Moira se quitó el camisón, lo dobló cuidadosamente, y maniobró metiéndose entre las sábanas.
—Ven a la cama.
Len se quitó un calcetín, y entonces se le ocurrió algo más.
—Te lee la mente. ¿Puede leer la mente de otras personas? —Len parecía aterrado—. ¿Puede leer la mía?
—No. Pero no sé si es porque no puede. Yo pienso que no le importa.
Len bajó el otro calcetín hasta la mitad y lo dejó allí. En otro tono, dijo:
—Una de las cosas que no le importan es si tengo trabajo.
—No… Pensó que era divertido. Yo quería que el piso me tragara, pero no pude dejar de reír cuando ella se cayó… Len, ¿qué vamos a hacer?
Len dio media vuelta y la miró.
—Oye —dijo—, no quise parecer tan pesimista. Haremos algo. Encontraremos una solución. De veras.
—Está bien.
Teniendo cuidado con las rodillas y los codos, Len subió a la cama, junto a Moira.
—¿Cómo te sientes?
—Mm… Ugh —Moira trató de incorporarse y casi lo logró. Apoyada en un codo, dijo con indignación—: Oh no.

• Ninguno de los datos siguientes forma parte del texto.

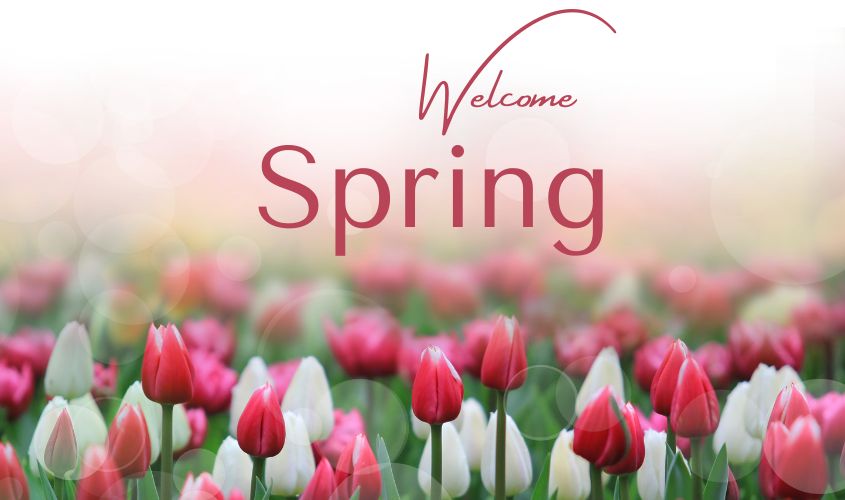 Spring has officially arrived - MageeNews.com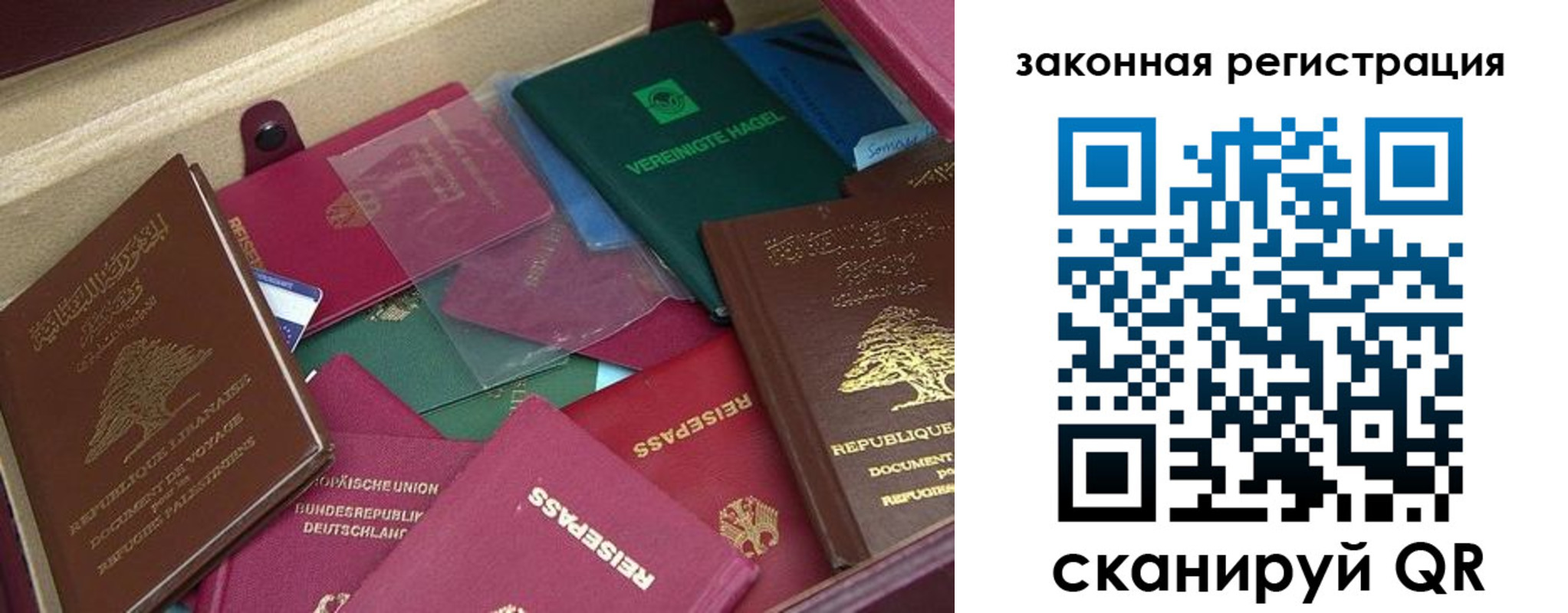 купить прописку в Палласовке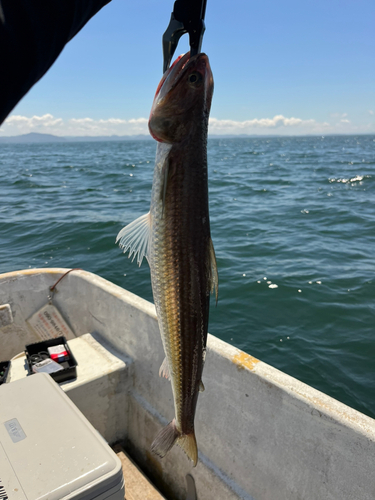 エソの釣果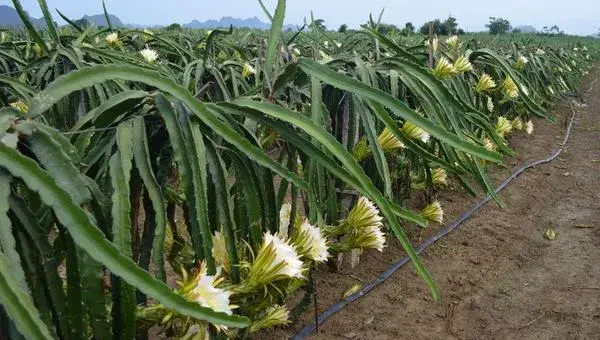 种火龙果为何开花几天就会黄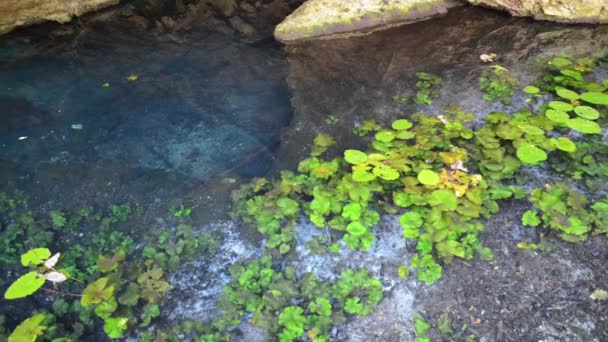 Cenote del cenote antiguo en la península de Yucatán — Vídeo de stock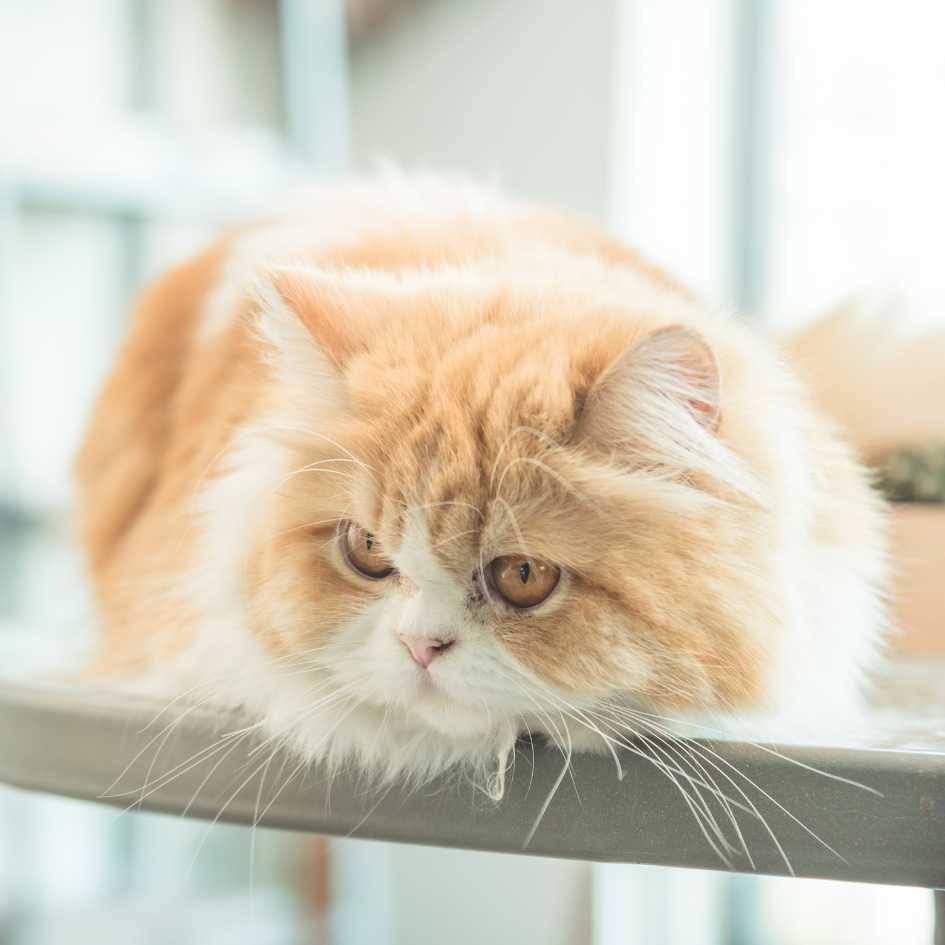 What Are the Temperament and Personality Traits of a Persian Cat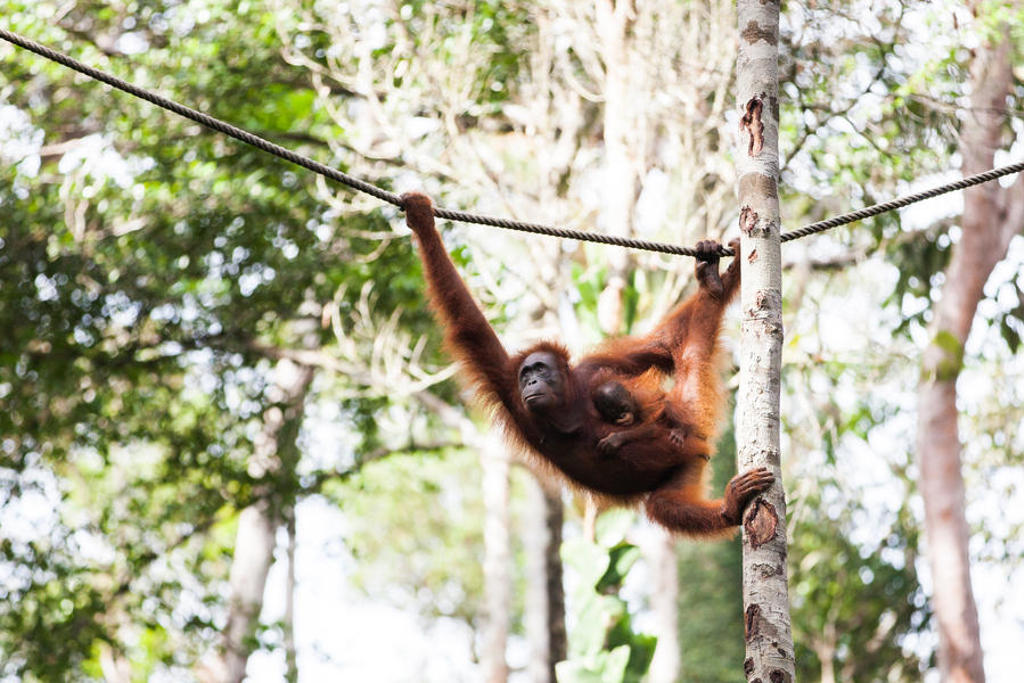 Orang-oetan slingert aan een touw tussen de bomen in het regenwoud van Kalimantan, Indonesië.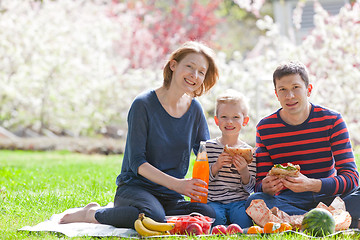 Image showing family picnic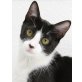 Alena, Pflegestelle in 85659 Forstern - Katze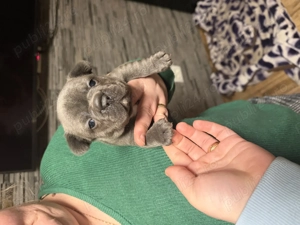 Puiuți bulldog francez blue  - imagine 4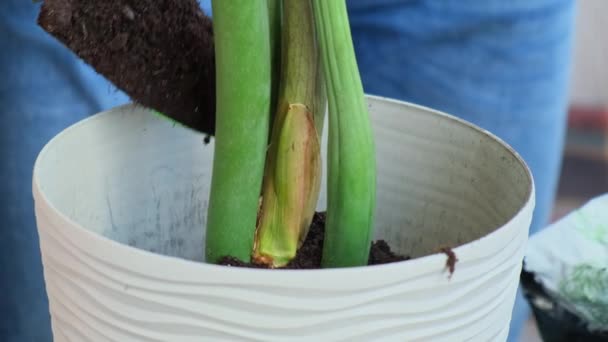 Man die zamioculca 's herplant naar nieuwe pot thuis. Grond toevoegen Trekkende plant met wortels uit pot, close-up. Bloemist tuinieren thuis. Vrije tijd hobby - Video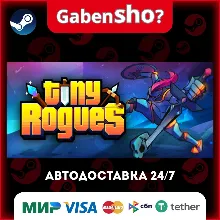 Tiny Rogues СТИМ Steam Gift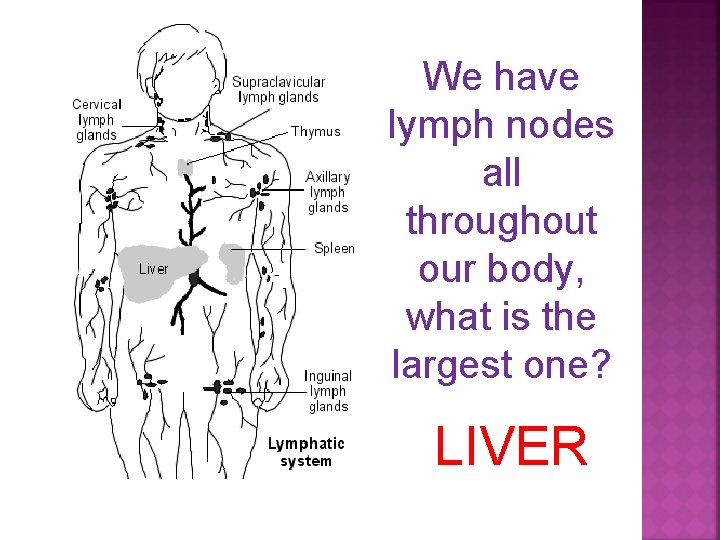 We have lymph nodes all throughout our body, what is the largest one? LIVER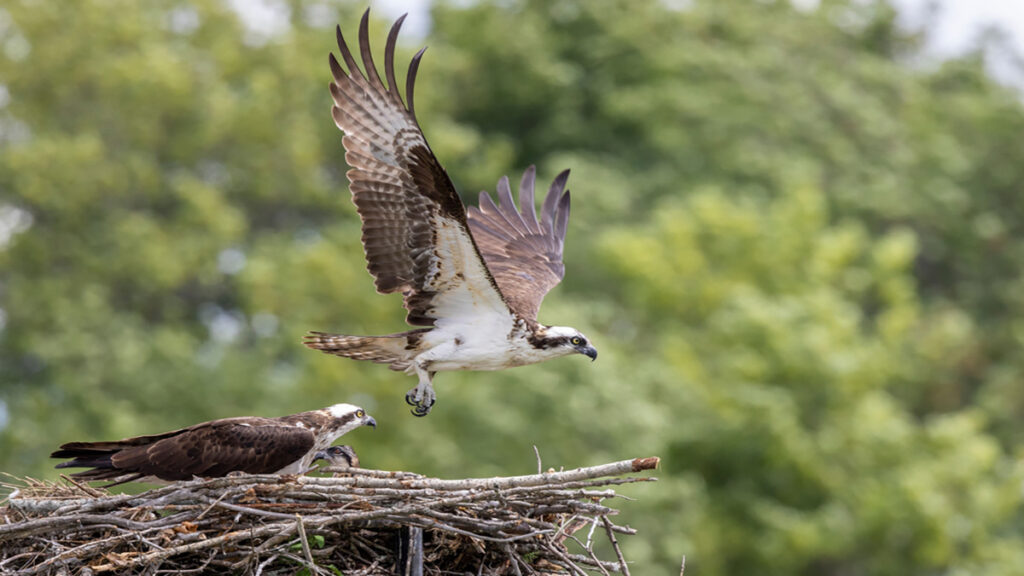 Two ospreys on a nest: one taking off with wings spread, the other perched nearby against a leafy background.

Len la miró en la oscuridad.
—¿Qué?
Moira lanzó otro gruñido.
—Len, levántate. Está bien. ¡Len, date prisa!
Len luchó convulsivamente, saliendo de una traicionera sábana, y se levantó tambaleándose, tenso y con la piel de gallina.
—¿Ahora qué sucede?
—Tendrás que dormir en el sofá. Las sábanas están abajo.
—¿En ese sofá? ¿Estás loca?
—No lo puedo remediar —dijo Moira, con voz débil—. Por favor, no discutamos; simplemente tendrás que hacerlo.
—¿Por qué?
—No podemos dormir en la misma cama —se lamentó—. Dice que es… ¡oh!… ¡poco higiénico!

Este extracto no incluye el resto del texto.